The Mean Spring
Spring in Central Oregon is untamed, unfriendly, and moody. Not just wild but downright grumpy. Like a cranky old man being woken from a too-short sleep, his dinner burning, his chickens being bullied by coyotes, neighbor cats pooping in his garden, and his truck with two flat tires. Still, he takes the time to walk to the fence line and ask how you are*.
It snows even when it is sunny. Squalls are on and off for days. The wind blows and then calms. Rain. Fog. Every kind of weather, gray, crisp, blue. I still get up and out when it is cold, though less dark as the sunrise is earlier each day and I don’t have to drive in to work. The fescue is coming in bright green and the wax currants are leafing out. The gray skies make the color more vivid. The light, when you see it, is golden.

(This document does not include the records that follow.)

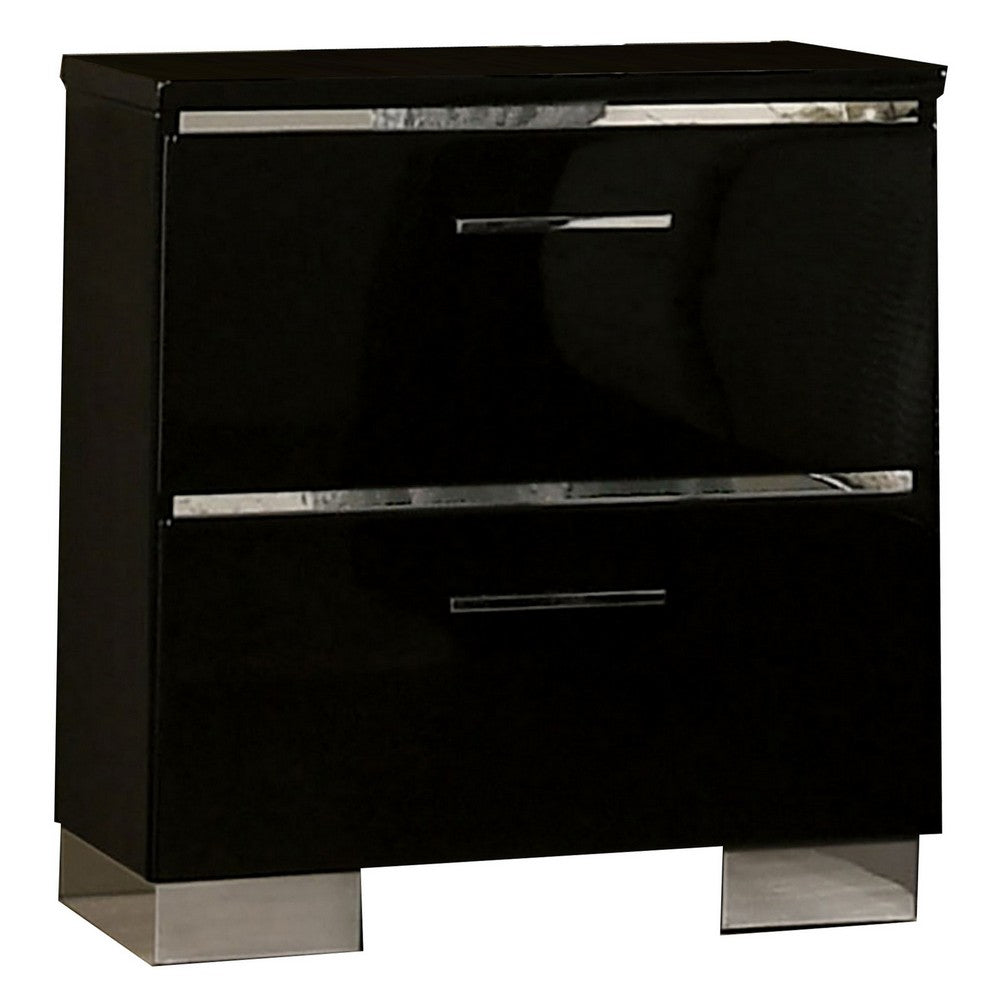 3pc King Bedroom Set, Black, Chrome Wood, 2 Nightstands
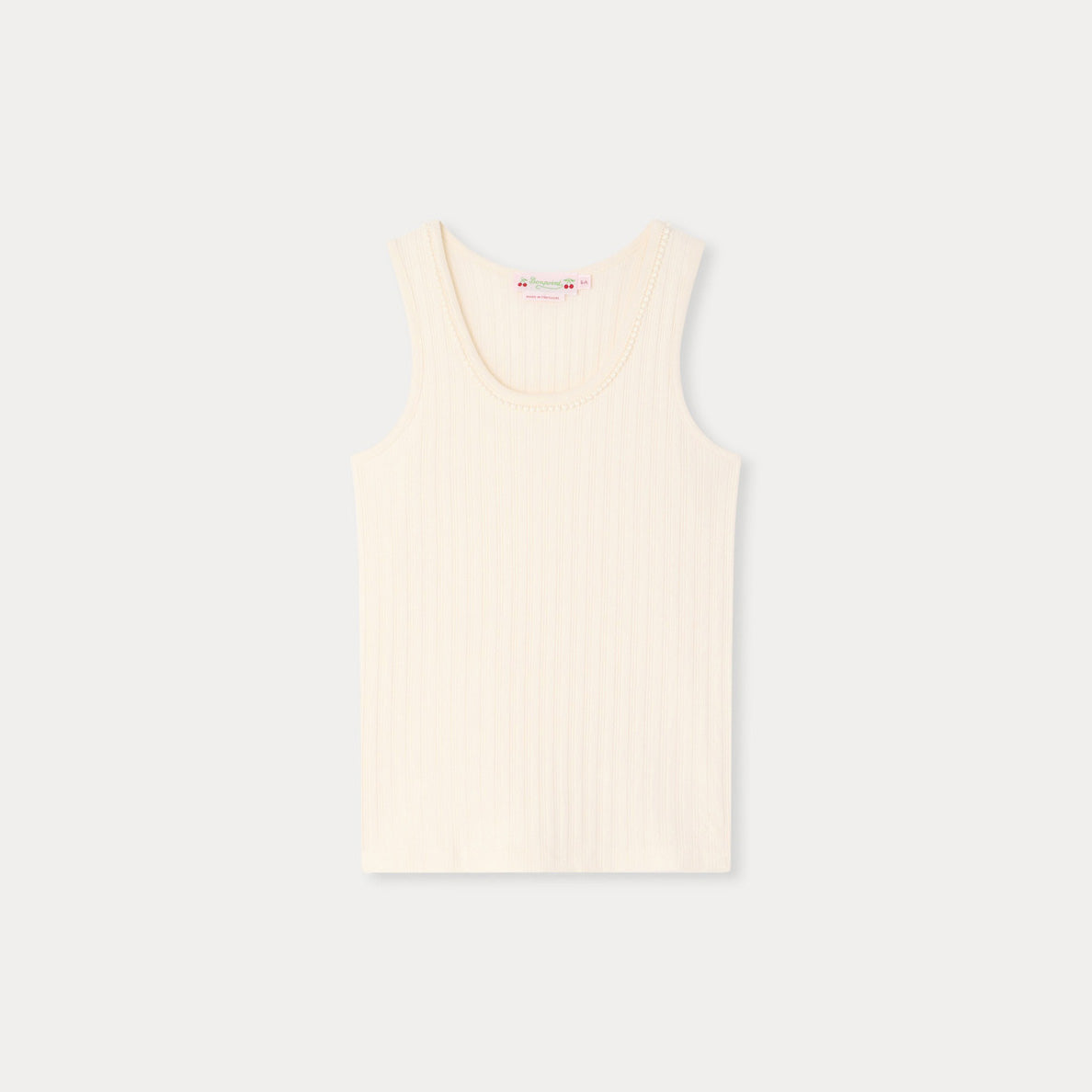 Girls White Cotton Vest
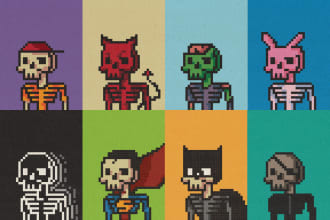 create unique pixel art characters for nft or pfp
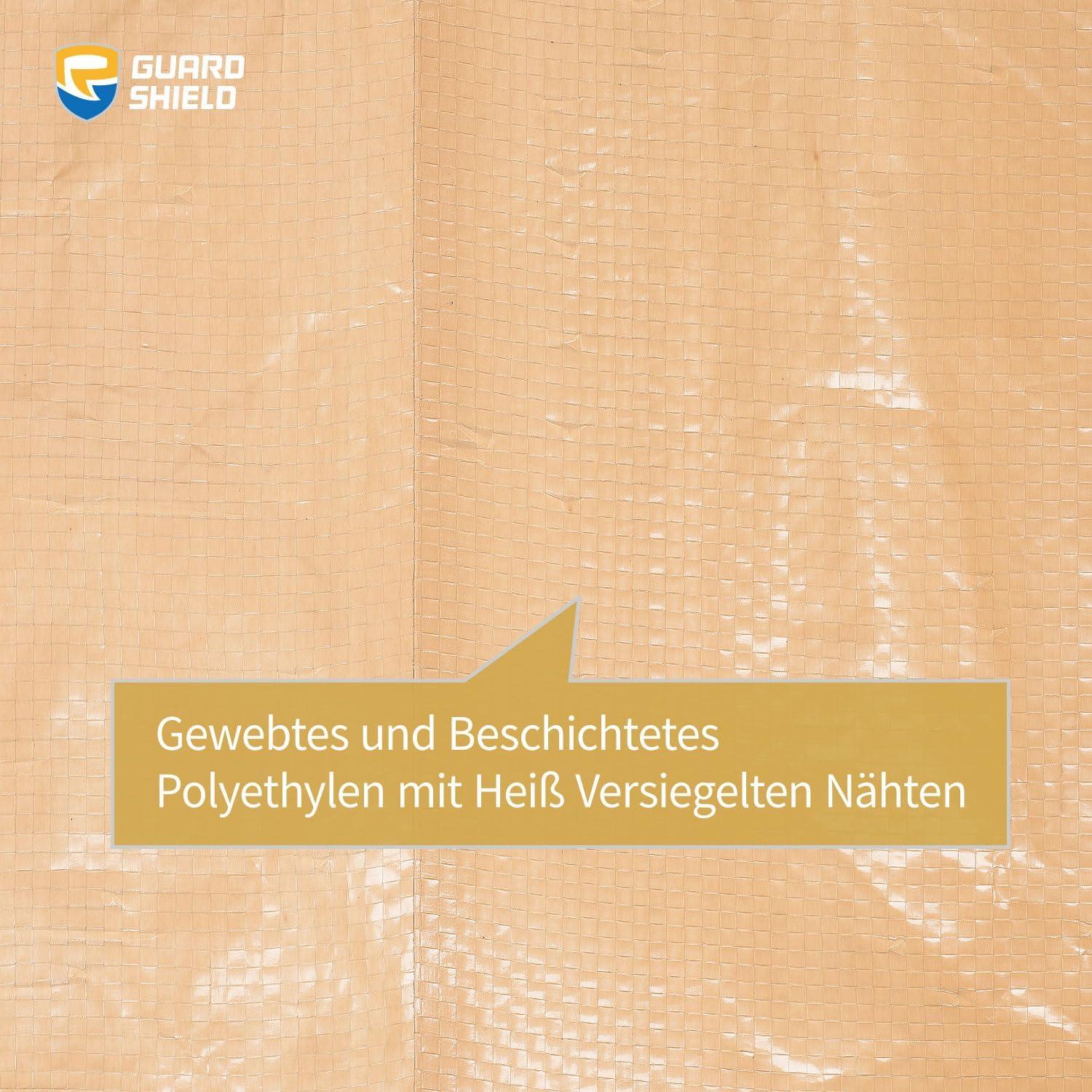 Abdeckplane 5x6m Wasserdicht Beige/Khaki Polyester 120g GUARD SHIELD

Now that we are home every day we realize the deer that used to seem like occasional visitors are actually around off and on all day. They are on the grass, in the paddock, criss-crossing our yard and hanging out in the bitterbrush. I now know why Mack stopped barking at them — he has been seeing them since he was home without us, witnessing the deer as Emma slept in her bed at the top of the stairs and we were away at schools and offices.
A massive dust devil whipped into shape behind the barn, I just saw it begin out of the corner of my eye. Taller than the house, it gained speed, pulled up dust, grass seed, and wood chips as it raced towards my car parked in the driveway. I had to remind myself it wasn’t a tornado, the car would stay put. Then it ran into the house, and dropped bark onto the length of the deck. The only wind of the day.
Red-tailed hawks have a nest in a nearby ponderosa. We’ve watched them take turns playing in the breezes. Circling over the sagebrush sea looking for mice, squirrels, or whatever looks delicious to a hawk. They screech like gulls.
The spell of home is broken by trips to town for food, booze, and sometimes internet access. Stripes of tape on the floor space people out in line at the grocery store, though we pass closely in aisles, no one making eye contact. Plexiglass windows shield the cashiers. No one knows who is a threat, but it’s hard not to feel both suspicious and guilty. The two men who work at the liquor store wear gloves but otherwise laugh and joke with each other. I linger a moment. The world is not ending at the liquor store.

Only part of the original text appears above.